**ACTIVITY**: Pictures excluded, copy word for word the lines from the one holding "Ключ Г-образный 967" through the last line below.

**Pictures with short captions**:
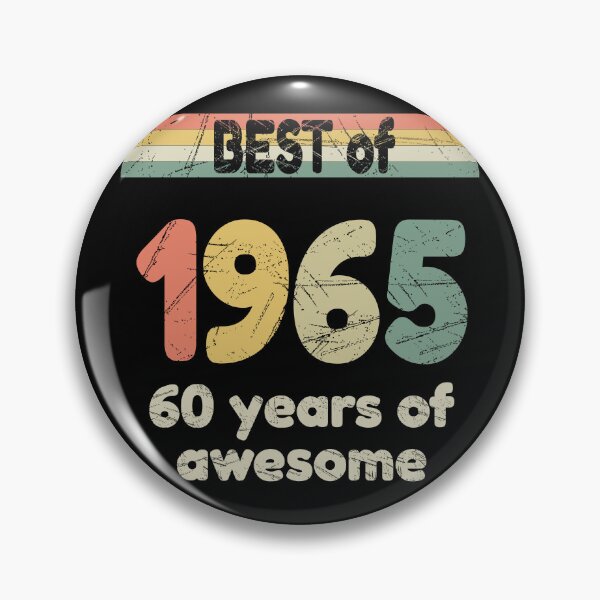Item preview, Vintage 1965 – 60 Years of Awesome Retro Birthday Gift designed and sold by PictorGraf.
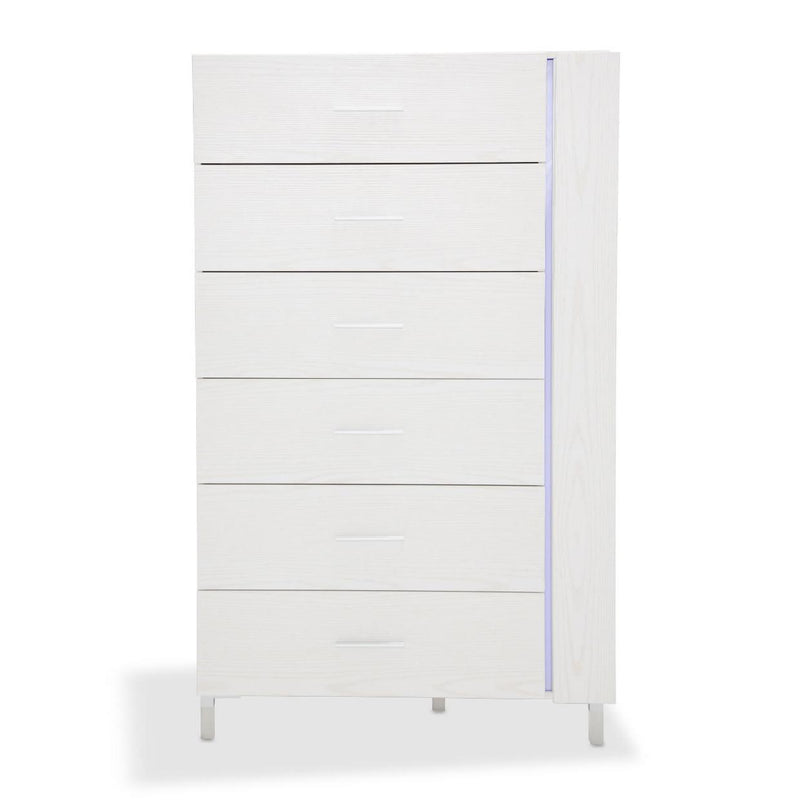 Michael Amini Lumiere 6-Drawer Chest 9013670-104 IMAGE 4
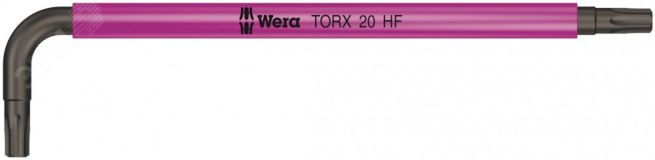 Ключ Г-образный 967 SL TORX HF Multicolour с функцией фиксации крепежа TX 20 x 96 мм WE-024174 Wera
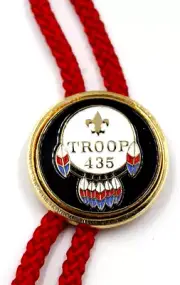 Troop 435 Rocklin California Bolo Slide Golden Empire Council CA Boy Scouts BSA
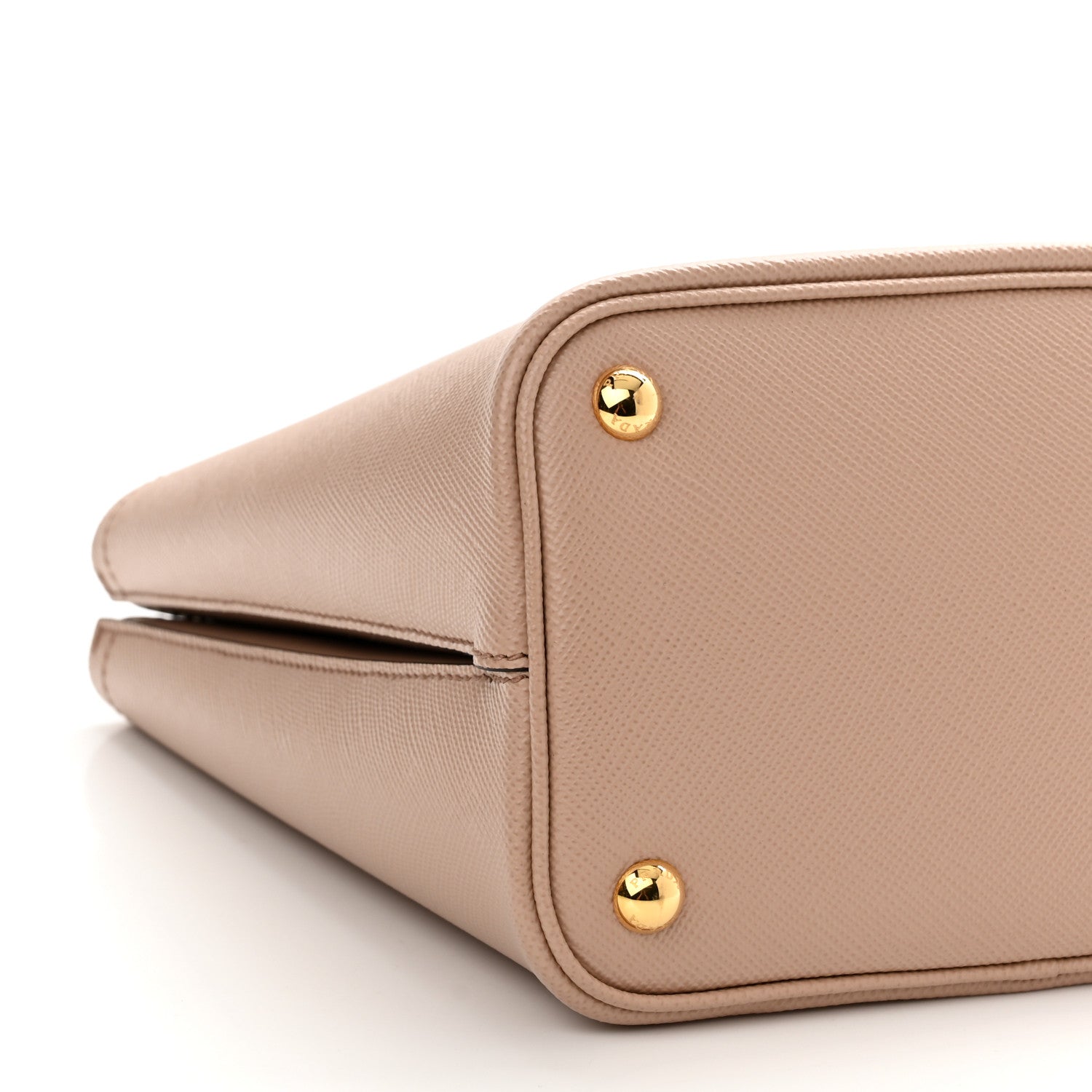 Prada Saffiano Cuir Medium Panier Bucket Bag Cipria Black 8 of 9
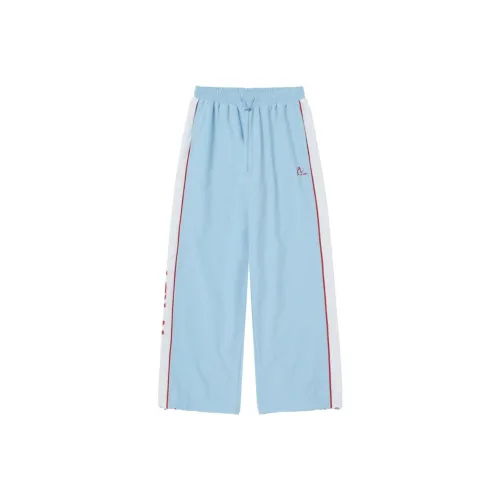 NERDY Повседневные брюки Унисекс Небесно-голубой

**EXERCISE OUTPUT**:
 Ключ Г-образный 967 SL TORX HF Multicolour с функцией фиксации крепежа TX 20 x 96 мм WE-024174 Wera
 Troop 435 Rocklin California Bolo Slide Golden Empire Council CA Boy Scouts BSA
 Prada Saffiano Cuir Medium Panier Bucket Bag Cipria Black 8 of 9
 NERDY Повседневные брюки Унисекс Небесно-голубой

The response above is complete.